* Exercise data *
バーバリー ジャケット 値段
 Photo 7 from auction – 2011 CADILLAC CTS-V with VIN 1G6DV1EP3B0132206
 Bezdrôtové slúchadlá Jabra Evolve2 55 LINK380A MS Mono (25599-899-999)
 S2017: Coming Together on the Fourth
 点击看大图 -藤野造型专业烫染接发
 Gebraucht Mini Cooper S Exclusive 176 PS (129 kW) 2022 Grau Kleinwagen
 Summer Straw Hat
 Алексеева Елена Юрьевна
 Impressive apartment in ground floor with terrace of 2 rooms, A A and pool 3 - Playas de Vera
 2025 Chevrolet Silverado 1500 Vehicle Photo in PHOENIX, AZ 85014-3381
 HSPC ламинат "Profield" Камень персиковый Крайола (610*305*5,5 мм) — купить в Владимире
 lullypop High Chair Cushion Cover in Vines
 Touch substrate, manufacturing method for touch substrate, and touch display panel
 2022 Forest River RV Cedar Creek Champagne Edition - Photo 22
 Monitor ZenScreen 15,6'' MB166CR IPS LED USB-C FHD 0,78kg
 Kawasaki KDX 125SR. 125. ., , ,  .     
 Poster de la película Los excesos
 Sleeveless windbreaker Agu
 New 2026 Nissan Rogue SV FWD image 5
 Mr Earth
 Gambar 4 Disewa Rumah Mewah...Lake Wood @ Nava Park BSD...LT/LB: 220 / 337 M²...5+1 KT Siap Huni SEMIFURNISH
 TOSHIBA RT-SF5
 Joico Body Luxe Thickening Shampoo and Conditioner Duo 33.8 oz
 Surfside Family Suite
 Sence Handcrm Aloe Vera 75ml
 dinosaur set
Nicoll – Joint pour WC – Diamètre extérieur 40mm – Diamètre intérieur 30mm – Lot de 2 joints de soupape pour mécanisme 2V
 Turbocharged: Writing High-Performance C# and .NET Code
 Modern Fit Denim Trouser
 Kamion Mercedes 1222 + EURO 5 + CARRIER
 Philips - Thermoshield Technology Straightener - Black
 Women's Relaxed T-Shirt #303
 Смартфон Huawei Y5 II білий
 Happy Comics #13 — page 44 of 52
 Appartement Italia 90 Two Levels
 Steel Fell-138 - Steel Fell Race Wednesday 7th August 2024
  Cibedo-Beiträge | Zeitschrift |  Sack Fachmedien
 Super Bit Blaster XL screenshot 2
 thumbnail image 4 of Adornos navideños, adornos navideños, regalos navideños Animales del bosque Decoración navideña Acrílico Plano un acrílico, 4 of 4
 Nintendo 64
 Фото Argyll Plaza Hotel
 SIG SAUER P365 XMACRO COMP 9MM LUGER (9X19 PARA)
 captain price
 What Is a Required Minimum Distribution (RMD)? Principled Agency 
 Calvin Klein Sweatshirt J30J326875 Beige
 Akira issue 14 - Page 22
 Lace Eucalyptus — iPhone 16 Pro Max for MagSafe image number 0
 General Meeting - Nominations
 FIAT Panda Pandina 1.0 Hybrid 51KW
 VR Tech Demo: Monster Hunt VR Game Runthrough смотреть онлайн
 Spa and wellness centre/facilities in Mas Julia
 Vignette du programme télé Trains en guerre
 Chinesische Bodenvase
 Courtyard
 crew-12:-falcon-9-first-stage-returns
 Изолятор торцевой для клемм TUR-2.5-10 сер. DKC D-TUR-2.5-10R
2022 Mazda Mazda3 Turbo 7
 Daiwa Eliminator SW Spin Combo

* Exercise details *
Your task is to transcribe the line containing "Nintendo 64" and every line after it, through the last line of the data, exactly as written and with nothing more.

* Written answer *
 Nintendo 64
 Фото Argyll Plaza Hotel
 SIG SAUER P365 XMACRO COMP 9MM LUGER (9X19 PARA)
 captain price
 What Is a Required Minimum Distribution (RMD)? Principled Agency 
 Calvin Klein Sweatshirt J30J326875 Beige
 Akira issue 14 - Page 22
 Lace Eucalyptus — iPhone 16 Pro Max for MagSafe image number 0
 General Meeting - Nominations
 FIAT Panda Pandina 1.0 Hybrid 51KW
 VR Tech Demo: Monster Hunt VR Game Runthrough смотреть онлайн
 Spa and wellness centre/facilities in Mas Julia
 Vignette du programme télé Trains en guerre
 Chinesische Bodenvase
 Courtyard
 crew-12:-falcon-9-first-stage-returns
 Изолятор торцевой для клемм TUR-2.5-10 сер. DKC D-TUR-2.5-10R
2022 Mazda Mazda3 Turbo 7
 Daiwa Eliminator SW Spin Combo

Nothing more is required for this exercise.